Working in the cyber security industry
One of the ways in which STOP. THINK. CONNECT. - which describes itself as “the global online safety awareness campaign to help all digital citizens stay safer and more secure online” – works towards achieving its aims is by inviting participating partners such as ESET to offer tips and advice in the course of its frequent Twitter chats.
On October 20th, the subject of one of these events was recognising and combating cybercrime. These generally take the form of commentary from a wide range of organisations in response to specific questions.
What are some examples of cybercrime-fighting careers, and what skills are needed for a cybersecurity job?
Not that I have a secret yearning to launch a new career in careers counselling, but I do actually get asked to give such advice quite a lot, probably because people think someone as old as I am, after 30 years or so in or on the borders of the security business, must have something useful to say.
The questions we were asked were as follows:
- Can you provide a rough outline of what cybersecurity has come to mean as a discipline and a career?
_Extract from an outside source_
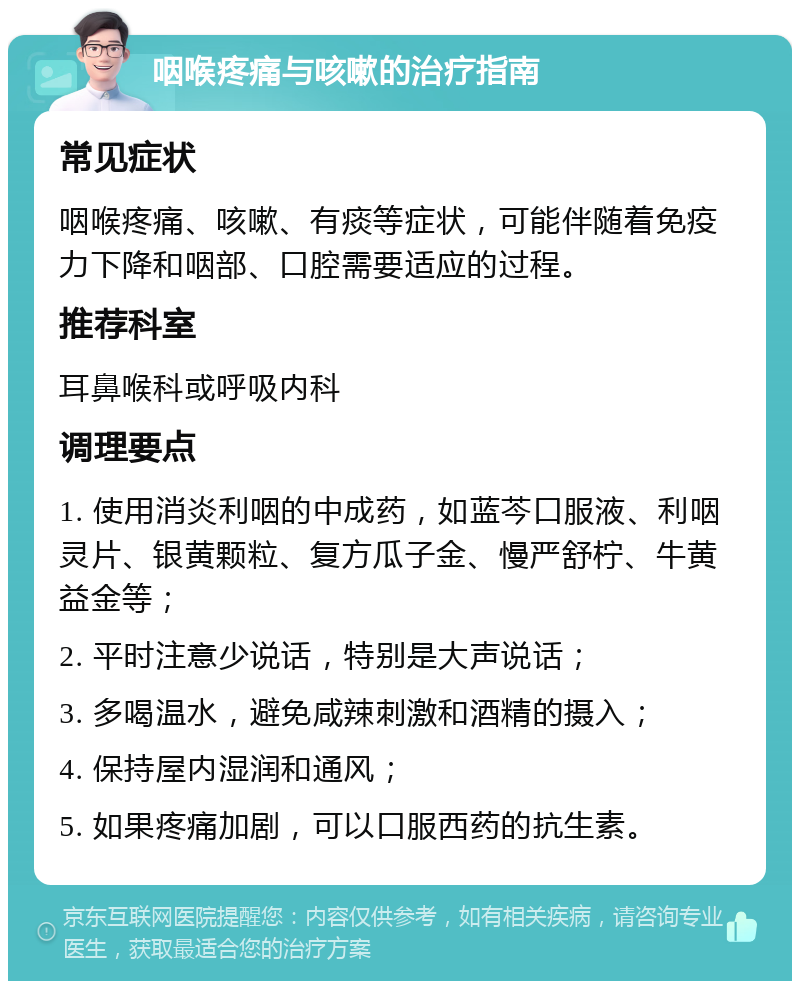 咽喉疼痛与咳嗽的治疗指南 常见症状 咽喉疼痛、咳嗽、有痰等症状，可能伴随着免疫力下降和咽部、口腔需要适应的过程。 推荐科室 耳鼻喉科或呼吸内科 调理要点 1. 使用消炎利咽的中成药，如蓝芩口服液、利咽灵片、银黄颗粒、复方瓜子金、慢严舒柠、牛黄益金等； 2. 平时注意少说话，特别是大声说话； 3. 多喝温水，避免咸辣刺激和酒精的摄入； 4. 保持屋内湿润和通风； 5. 如果疼痛加剧，可以口服西药的抗生素。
How has it come to be incorporated into the larger fields of IT and computer science/programming?
- With that in mind, what should we be teaching the next generation of IT and computer science specialists about cybersecurity?
- On a practical level, what does the day-to-day work of cybersecurity look like, and what kind of person/personality is well suited to this kind of work?
- What kinds of coursework and practical training should students look for in an advanced degree in cybersecurity, and what kind of experience outside of the classroom is helpful in cultivating expertise in the field?
- How did you get into the field, what drew you to it, and how have you seen it evolve over the last decade or so?
- What are employers looking for in cybersecurity hires and how should someone who's aiming to enter the field prepare him or herself?
- What should we be teaching the next generation, and even the current generation of information security specialists and technicians, both in terms of skills and ethics?
- How is the interplay between government policies, technological innovations, economic forces, and social dynamics impacting the evolution of cybersecurity, and what are the biggest factors shaping education and employment in the field?
- From your perspective, what are the one or two biggest misconceptions that people seem to have — even people “in the know” — about cyberattacks, malware, and information security?
Those seem to me to be questions that may well interest people contemplating a career path in security, and if nothing else you'll get a wide range of viewpoints.